───── DATA SHOWN

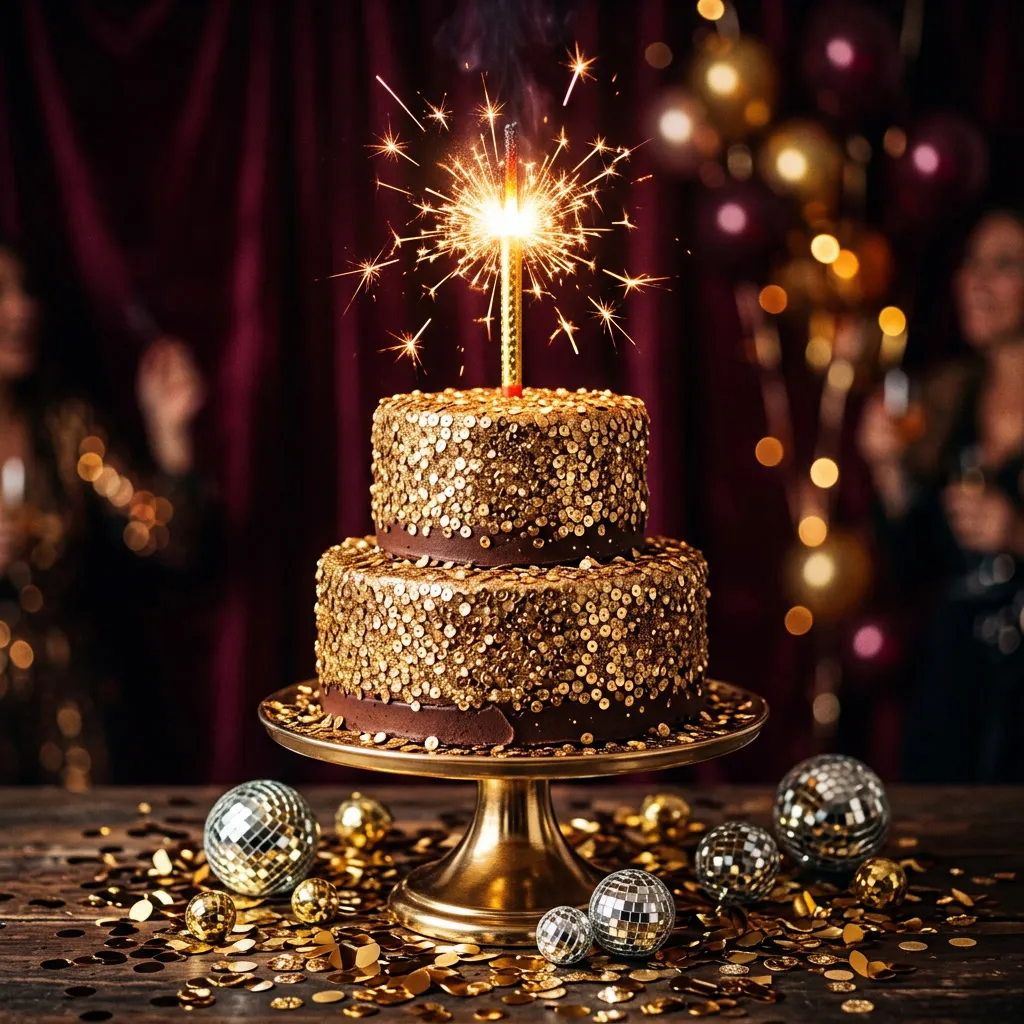 Torta de chocolate con decoración dorada y vela de bengala chispeando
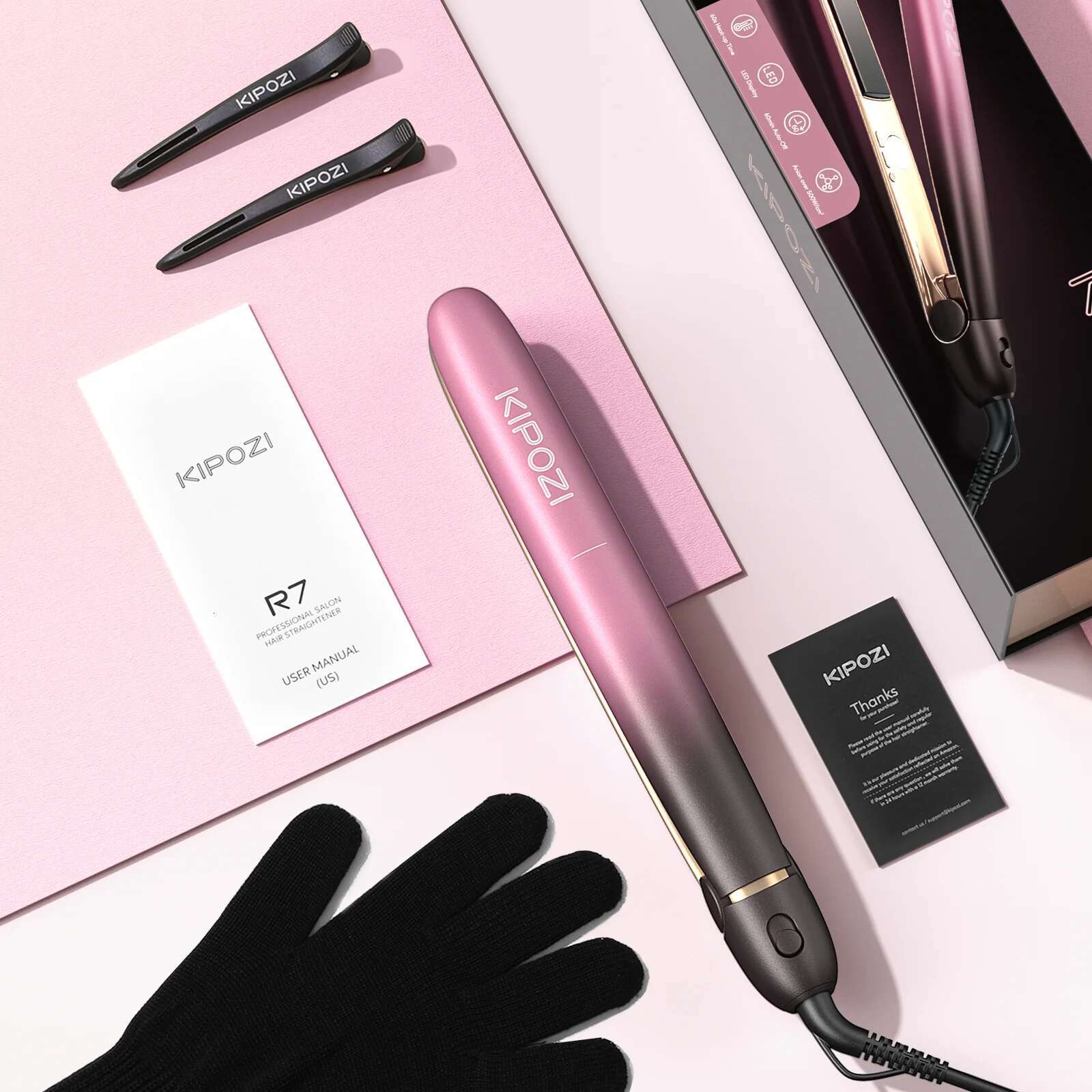 KIPOZI R7 Rose Gold Straightener Curg Titanium Flat Iron for Different Style Salon Hair Styg Tool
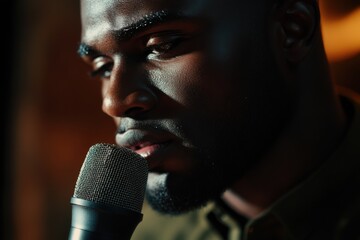 Close-up of a man passionately singing into a microphone during a performance in an intimate venue at night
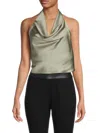 Renee C Women's Satin Crop Top In Sage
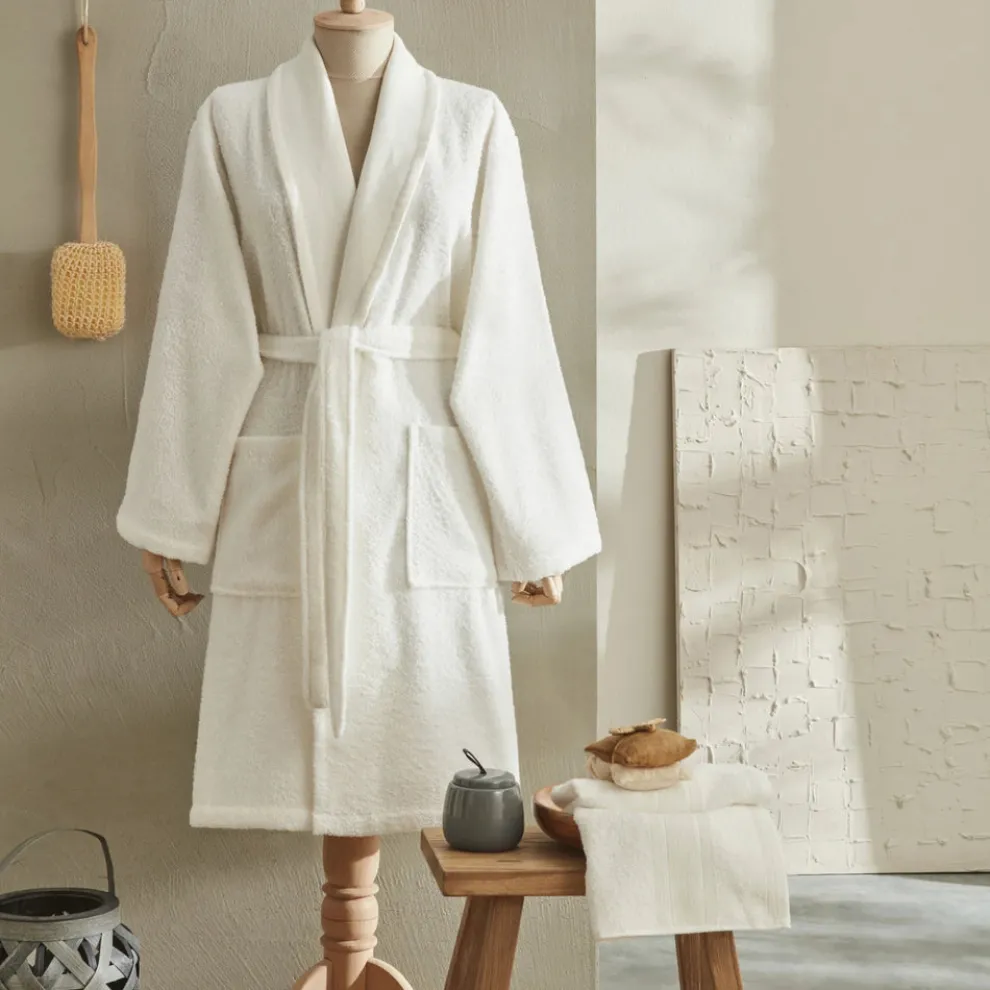 Karaca Home Andy 100% Turkish Cotton Bathrobe Set, L/XL, Offwhite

──────────

◆ **TASK**
Pictures stay out. Copy exactly, and only, the lines from the one containing "Close-up of a" through the end of the data.

◆ **SOLUTION FOR THIS PROBLEM**
 Close-up of a man passionately singing into a microphone during a performance in an intimate venue at night
 Renee C Women's Satin Crop Top In Sage
 Karaca Home Andy 100% Turkish Cotton Bathrobe Set, L/XL, Offwhite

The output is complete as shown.